Read The Toyotomi Blades Online
Authors: Dale Furutani
Tags: #Literature & Fiction, #Mystery; Thriller & Suspense, #Thrillers & Suspense, #Suspense
See, there are only six possibilities here. If we reverse the order so the numbers on the tangs go from six to one, instead of one to six, that doubles the combinations. That’s still only twelve patterns, regardless of which blade is missing and what order the Tokyo blade and the New York blade fit into the pattern. We don’t have to know which is the right pattern. All we have to do is enter all twelve into a computer program that will try to match each pattern to the Nissan digitized map of Japan.
“I know a digitized map is kept as a series of numbers, very much like the numbers you showed me for the photo enhancement. For instance, a section of a digitized map might look like this.” I took a piece of paper and a pencil and wrote:
0444444444
4044466664
4044666666
4404666666
4404444444
Kiyohara stayed silent, but as soon as I put down my pencil he said, “What’s that?”
“It’s a simplified drawing of a digitized map.

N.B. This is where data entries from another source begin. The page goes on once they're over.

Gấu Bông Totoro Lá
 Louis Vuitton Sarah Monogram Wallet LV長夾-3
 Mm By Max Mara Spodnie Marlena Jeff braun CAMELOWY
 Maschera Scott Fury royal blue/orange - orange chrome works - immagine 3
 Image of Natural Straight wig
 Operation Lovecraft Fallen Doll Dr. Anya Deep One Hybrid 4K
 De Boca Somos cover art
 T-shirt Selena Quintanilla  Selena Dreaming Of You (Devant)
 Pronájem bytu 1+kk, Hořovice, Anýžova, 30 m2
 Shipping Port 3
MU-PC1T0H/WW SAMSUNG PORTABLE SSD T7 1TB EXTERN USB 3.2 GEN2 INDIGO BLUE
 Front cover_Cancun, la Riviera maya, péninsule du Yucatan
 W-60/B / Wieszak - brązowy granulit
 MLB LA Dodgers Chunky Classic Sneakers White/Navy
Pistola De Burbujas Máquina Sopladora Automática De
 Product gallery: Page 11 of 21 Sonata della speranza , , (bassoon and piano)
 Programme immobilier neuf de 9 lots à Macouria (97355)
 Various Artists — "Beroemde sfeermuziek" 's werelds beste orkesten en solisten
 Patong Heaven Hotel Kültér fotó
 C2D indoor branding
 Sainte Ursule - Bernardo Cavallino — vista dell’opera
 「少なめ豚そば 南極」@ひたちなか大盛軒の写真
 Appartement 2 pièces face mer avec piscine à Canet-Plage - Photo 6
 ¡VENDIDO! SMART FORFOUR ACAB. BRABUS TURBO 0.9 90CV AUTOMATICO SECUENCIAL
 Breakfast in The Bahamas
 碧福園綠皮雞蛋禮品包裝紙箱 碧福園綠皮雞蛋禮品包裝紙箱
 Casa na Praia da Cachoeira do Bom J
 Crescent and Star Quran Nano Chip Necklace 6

For instance, zero could be water, so the string of zeros on the left side of the diagram could be a river. The number 4 could be flat farmland, and 6 could be foothills. If we knew the patterns on the six blades we could create a similar map looking at temples, rivers, and mountains. The temples and villages shown on the blades may have moved or disappeared, but it’s not likely that something like a mountain will vanish, so we’re bound to have landmarks that will line up. By computer we can match the blades’ map to the Nissan Japan map.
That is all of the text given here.